Les deux ondulateurs ont été installés dans le tunnel du LHC le 21 novembre au Point 4 (IR4) près d'Echenevex, en France. Les aimants des ondulateurs ont été testés avec succès par le groupe Essais et mesures d'aimants (AT/MTM) avant d'être installés et ils sont maintenant prêts pour la mise en service du LHC.

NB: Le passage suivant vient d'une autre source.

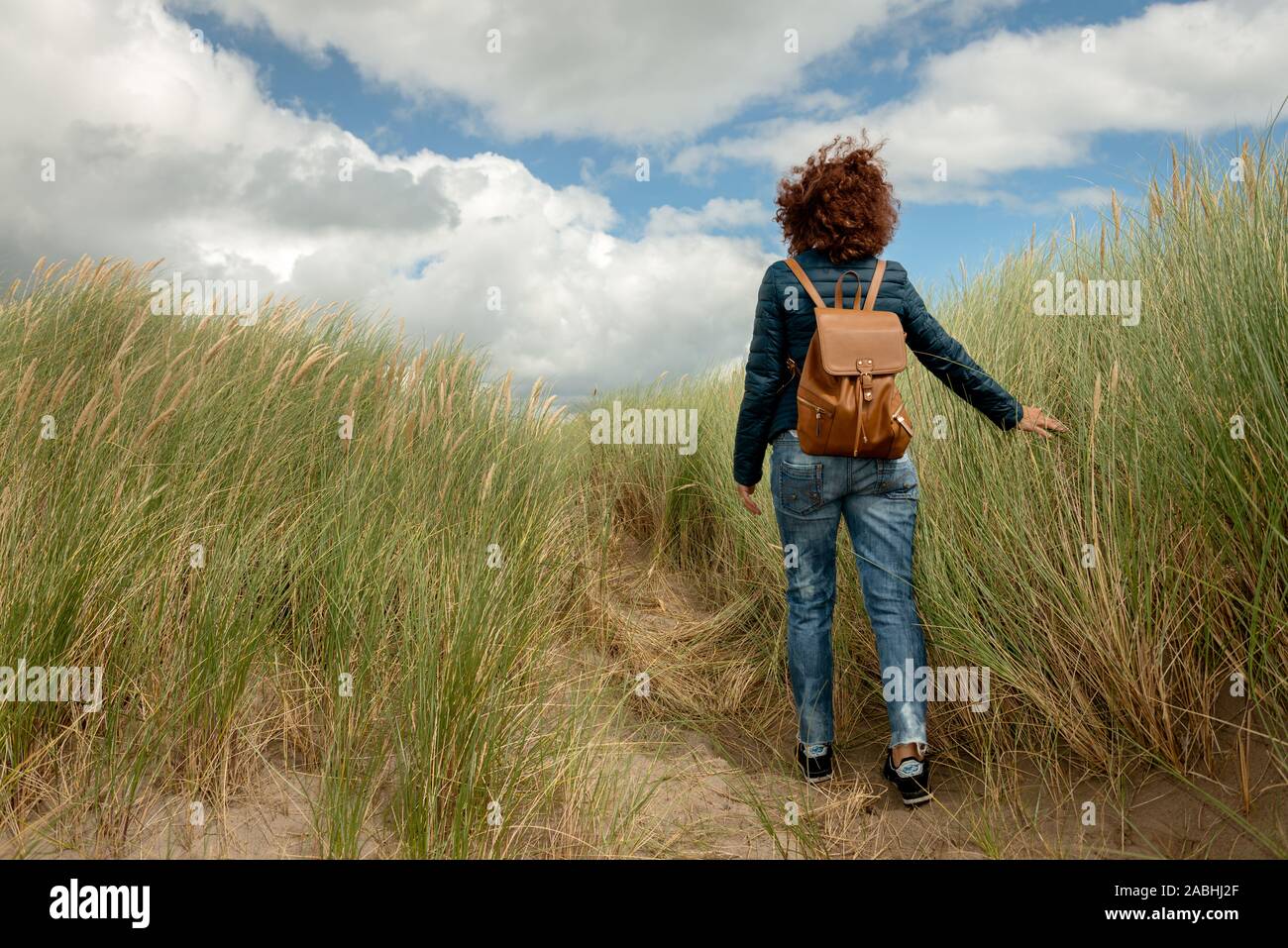 Model entließ eine junge Frau mit roten Locken, die eine legere blaue Jacke und Jeans trägt und auf einer Sanddüne durch Marram Gras wandert Stockfoto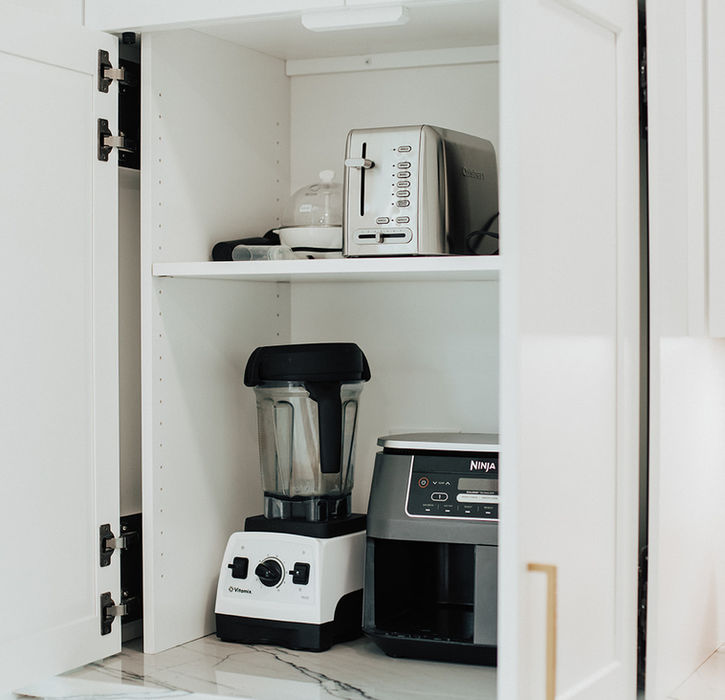 A cabinet opened in a kitchen to reveal small appliances.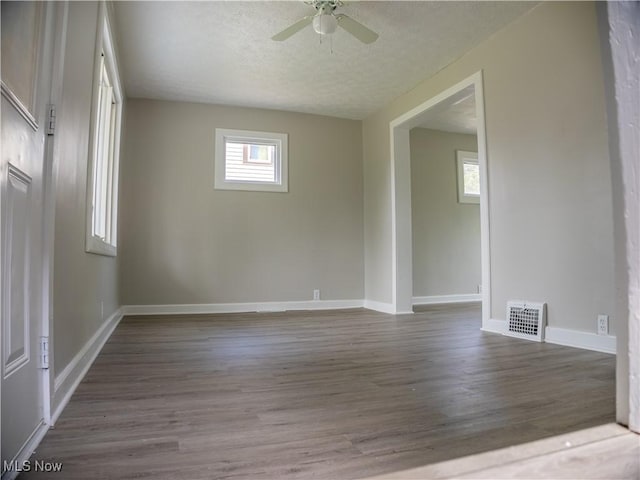 3814 Russell Ave, Parma, OH 44134 - spare room with dark wood-type flooring, ceiling fan, and a textured ceiling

Un record pour un ondulateur supraconducteur

L'utilisation d'un détecteur de profil par rayonnement synchrotron pour le LHC a été longuement débattue car les exigences imposées à l'ondulateur supraconducteur semblaient trop contraignantes. En particulier, la compacité requise pour reproduire un profil de faisceau de grande précision, associée à la grande ouverture nécessaire pour l'optique du faisceau, exige une exploitation à une intensité de courant et à un champ magnétique très proches de la limite critique de la zone supraconductrice. En raison de l'important rapport entre l'ouverture de l'aimant (60 mm) et la période (280 mm), un champ magnétique de 8 teslas doit être obtenu aux pôles des aimants: un tel champ n'avait jamais été atteint par le passé avec des bobines imprégnées en NbTi fonctionnant à 4,5 K. Pour relever ce défi, on a recouru à un mode de fabrication proche de celui des montres suisses, pour lesquelles tous les éléments sont construits, puis assemblés avec une précision micrométrique, ainsi qu'à des solutions originales. Les bobines supraconductrices seront ainsi extrêmement stables malgré les éventuelles petites perturbations.